Depuis le début du conflit opposant la coalition américaine et israélienne à l’Iran de nombreux pays ont fait des communiqués pour prendre position et soutenir le camp dont ils jugent la cause juste.

Mais un fait notable, c’est le silence des pays membres de l’Alliance des États du Sahel (AES).
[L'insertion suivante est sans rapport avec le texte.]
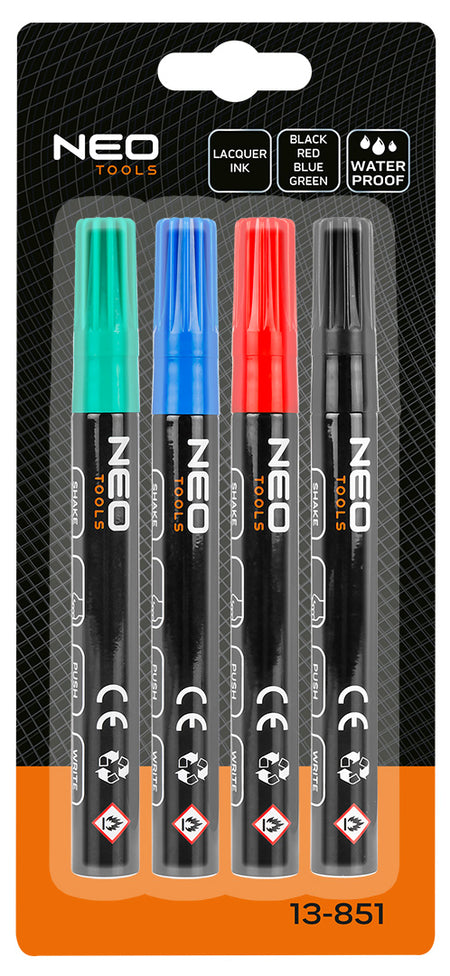 Hrubý stavebný popisovač, 4 farby, permanentný, vodeodolný, lak, hliník, 4 ks od NEO TOOLS nájdeš na naravis.sk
Si certains médias, notamment français ont hâte de savoir la position de ces pays, d’autres ont vite fait de les ranger du côté de l’Iran compte des rapports entre les États de l’AES et la Russie, l’autre grand partenaire de l’Iran en plus de la Chine.
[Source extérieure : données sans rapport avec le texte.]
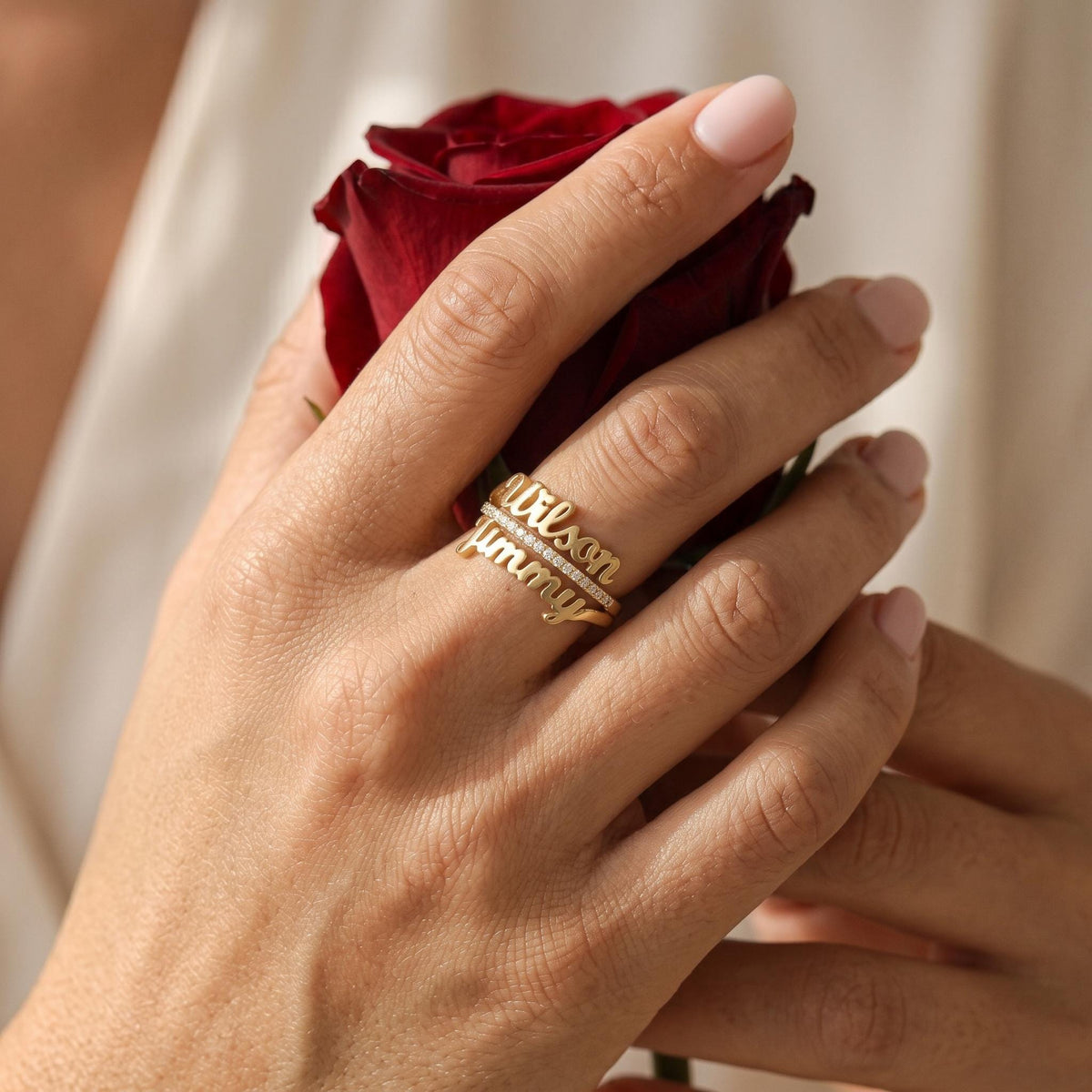 Personalized Double Name Ring - on hand with rose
En ce qui concerne le Mali, des faits récents sont la preuve que les autorités de la transition ne se laissent plus embarquer dans des soutiens tout azimuts.

Ainsi, après la visite de Nick Cheker, le nouveau patron des affaires africaines au département d’état américain à la mi février, les États-Unis viennent de retirer le 28 février dernier de leur liste de santions les généraux Sadio Camara, Alou Boi Diarra et le Lieutenant Colonel, Adama Coulibaly.

La notification de cette levée de sanctions a été faite à  Bamako au premier ministre, Abdoulaye Maïga par l’Ambassadeur des États-Unis au Mali, Rachna Korhonen.

Ces actes posés témoignent du réchauffement des relations entre les deux pays après une période de froid et même de tensions. Un communiqué de soutien du Mali dans ce contexte à l’endroit des USA dans le conflit qui l’oppose à l’Iran n’aurait pas vexer plus que ça. Au contraire, ce soutien se serait inscrit dans la logique de raffermissement des liens.

Mais au lieu de ce communiqué réclamé par des médias français, ce jeudi 05 Mars, le premier ministre, Abdoulaye Maïga, accompagné du ministre des Affaires étrangères, Abdoulaye Diop se sont rendus à l’Ambassade d’Iran au Mali pour présenter les condoléances du peuple malien suite à la mort du guide l’Ayatollah Ali Khomenei.

Selon, le Premier ministre, le Guide iranien est « mort en martyr en défendant jusqu’à son dernier souffle l’intérêt supérieur de l’Etat et du peuple iranien ».

Son héritage d’Homme d’État et sa vision d’un monde plus juste, multipolaire et respectueux des intérêts et des identités resteront à jamais gravés dans la mémoire de ceux qui luttent pour l’indépendance et la souveraineté de leur peuple” a écrit le Généralde Division Abdoulaye Maïga dans le livre des condoléances.

Cette démarche des autorités de la transition montre leur posture équidistante entre les parties aux conflits. Une posture responsable qui s’inscrit dans la préservation des relations entre le Mali, les États-Unis, Israël et l’Iran.